38

I have used the "JsonConvert.Deserialize(json)" method of Json.NET so far which worked quite well and to be honest, I didn't need anything more than this.

I am working on a background (console) application which constantly downloads the JSON content from different URLs, then deserializes the result into a list of .NET objects.

 using (WebClient client = new WebClient())
 {
      string json = client.DownloadString(stringUrl);

      var result = JsonConvert.DeserializeObject<List<Contact>>(json);

 }

The simple code snippet above doesn't probably seem perfect, but it does the job. When the file is large (15,000 contacts - 48 MB file), JsonConvert.DeserializeObject isn't the solution and the line throws an exception type of JsonReaderException.

The downloaded JSON content is an array and this is how a sample looks like. Contact is a container class for the deserialized JSON object.

[
  {
    "firstname": "sometext",
    "lastname": "sometext"
  },
  {
    "firstname": "sometext",
    "lastname": "sometext"
  },
  {
    "firstname": "sometext",
    "lastname": "sometext"
  },
  {
    "firstname": "sometext",
    "lastname": "sometext"
  }
]

My initial guess is it runs out of memory. Just out of curiosity, I tried to parse it as JArray which caused the same exception too.

I have started to dive into Json.NET documentation and read similar threads. As I haven't managed to produce a working solution yet, I decided to post a question here.

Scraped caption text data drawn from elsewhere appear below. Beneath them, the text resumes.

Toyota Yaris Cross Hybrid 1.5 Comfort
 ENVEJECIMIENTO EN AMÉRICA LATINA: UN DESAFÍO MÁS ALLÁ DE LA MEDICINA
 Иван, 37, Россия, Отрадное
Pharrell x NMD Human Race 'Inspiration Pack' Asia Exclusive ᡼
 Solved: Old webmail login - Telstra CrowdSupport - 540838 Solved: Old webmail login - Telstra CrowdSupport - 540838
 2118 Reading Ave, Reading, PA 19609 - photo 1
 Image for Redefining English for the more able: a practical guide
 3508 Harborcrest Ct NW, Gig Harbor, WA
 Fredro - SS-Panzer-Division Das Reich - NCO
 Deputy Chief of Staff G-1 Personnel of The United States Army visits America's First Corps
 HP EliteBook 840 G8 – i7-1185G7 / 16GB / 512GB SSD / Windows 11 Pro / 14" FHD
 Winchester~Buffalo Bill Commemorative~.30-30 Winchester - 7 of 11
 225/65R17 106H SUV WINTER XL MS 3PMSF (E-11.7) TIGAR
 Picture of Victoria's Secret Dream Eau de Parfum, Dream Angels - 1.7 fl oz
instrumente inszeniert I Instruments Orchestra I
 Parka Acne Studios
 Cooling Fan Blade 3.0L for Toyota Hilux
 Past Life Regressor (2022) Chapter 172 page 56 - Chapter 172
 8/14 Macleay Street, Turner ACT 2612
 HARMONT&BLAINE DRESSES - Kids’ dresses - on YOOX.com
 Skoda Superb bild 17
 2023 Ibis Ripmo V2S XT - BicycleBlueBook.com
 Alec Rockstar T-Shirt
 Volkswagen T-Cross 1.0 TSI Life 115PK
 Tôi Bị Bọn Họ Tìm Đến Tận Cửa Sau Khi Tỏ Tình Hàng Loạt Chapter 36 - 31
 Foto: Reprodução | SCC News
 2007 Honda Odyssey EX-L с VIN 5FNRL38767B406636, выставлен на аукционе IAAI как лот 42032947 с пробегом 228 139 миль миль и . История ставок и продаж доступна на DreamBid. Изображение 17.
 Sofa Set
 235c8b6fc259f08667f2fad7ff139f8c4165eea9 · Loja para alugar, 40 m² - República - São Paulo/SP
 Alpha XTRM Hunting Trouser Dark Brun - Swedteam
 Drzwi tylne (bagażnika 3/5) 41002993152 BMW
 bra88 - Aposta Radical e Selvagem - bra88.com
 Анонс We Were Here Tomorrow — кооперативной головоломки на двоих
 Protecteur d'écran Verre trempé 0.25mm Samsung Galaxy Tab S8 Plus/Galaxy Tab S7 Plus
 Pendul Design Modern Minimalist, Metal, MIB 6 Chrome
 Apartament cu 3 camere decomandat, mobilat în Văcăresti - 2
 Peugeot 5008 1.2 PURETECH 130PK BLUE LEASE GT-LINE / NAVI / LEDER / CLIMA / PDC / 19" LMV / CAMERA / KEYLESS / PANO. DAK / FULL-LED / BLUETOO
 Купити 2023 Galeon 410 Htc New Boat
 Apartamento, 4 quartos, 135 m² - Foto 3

UPDATE: While deserializing line by line, I got the same error: " [. Path '', line 600003, position 1." So downloaded two of them and checked them in Notepad++. I noticed that if the array length is more than 12,000, after 12000th element, the "[" is closed and another array starts. In other words, the JSON looks exactly like this:

[
  {
    "firstname": "sometext",
    "lastname": "sometext"
  },
  {
    "firstname": "sometext",
    "lastname": "sometext"
  },
  {
    "firstname": "sometext",
    "lastname": "sometext"
  },
  {
    "firstname": "sometext",
    "lastname": "sometext"
  }
]
[
  {
    "firstname": "sometext",
    "lastname": "sometext"
  },
  {
    "firstname": "sometext",
    "lastname": "sometext"
  },
  {
    "firstname": "sometext",
    "lastname": "sometext"
  },
  {
    "firstname": "sometext",
    "lastname": "sometext"
  }
]
Peter Mortensen
  • 30,738
  • 21
  • 105
  • 131
Yavar Hasanov
  • 513
  • 1
  • 6
  • 12
  • 7
    `and the line throws an exception type of JsonReaderException.` What is the exception message? Any inner exception? – Eser Aug 26 '15 at 13:05
  • Additional text encountered after finished reading JSON content: [. Path '', line 600003, position 1." - this is the exception message – Yavar Hasanov Aug 26 '15 at 13:09
  • 3
    @Yavarski Are you sure you're JSON is valid? – Yuval Itzchakov Aug 26 '15 at 13:09
  • @Yavarski As you can see, it is not related to the size of the json. There are some extra characters at the end of your json.. – Eser Aug 26 '15 at 13:11
  • Are you saying _one input_ is 48MB or you are combining several inputs into one that reaches 48MB? – D Stanley Aug 26 '15 at 13:11
  • There's something wrong with the format . – Christo S. Christov Aug 26 '15 at 13:15
  • Consider using Async. It improves performance for the processes. – Frederick Marcoux Aug 26 '15 at 13:23
  • I am using the third party api which generates a link with the list of contacts(json array). The file I get is a json file and it is constructed as posted above. @YuvalItzchakov , i believe it's valid json because. I have repeated this for 100 different urls and never had an issue. However, json arrays contained less than 10000 contacts in all of them. – Yavar Hasanov Aug 26 '15 at 13:32
  • @DStanley it's a downloadable link. For instance, the current file I work with is like 48MB. What I assume is the reader runs out memory while reading the json and probably it's the middle of json, that's why the exception is thrown with that message. I may be totally wrong but this is what comes to my mind for now. – Yavar Hasanov Aug 26 '15 at 13:32
  • If you think you're running out of memory, you could try processing the JSON incrementally instead of deserializing into one giant list. See [Deserialize json array stream one item at a time](http://stackoverflow.com/q/20374083/10263). – Brian Rogers Aug 26 '15 at 14:03
  • Can you try specifying the encoding to UTF8? There might be some special characters messing with the json format. You can do this by using client.Encoding = Encoding.UTF8; – Andres Castro Aug 26 '15 at 14:12
  • Thanks @BrianRogers it really helped. I am updating the question now. – Yavar Hasanov Aug 26 '15 at 15:36
  • Your source data is two arrays but you are telling it to to deserialize into into a single array (List). Since you're already going line by line you should merge the two arrays. – Cory Charlton Aug 26 '15 at 20:36
  • If it runs out of memory, shouldn't an OutOfMemoryException be thrown? I don't think JSON.NET would be so stupid to catch that kind of exception and return invalid data. – Thomas Weller Aug 26 '15 at 21:03

4 Answers4

56

As you've correctly diagnosed in your update, the issue is that the JSON has a closing ] followed immediately by an opening [ to start the next set. This format makes the JSON invalid when taken as a whole, and that is why Json.NET throws an error.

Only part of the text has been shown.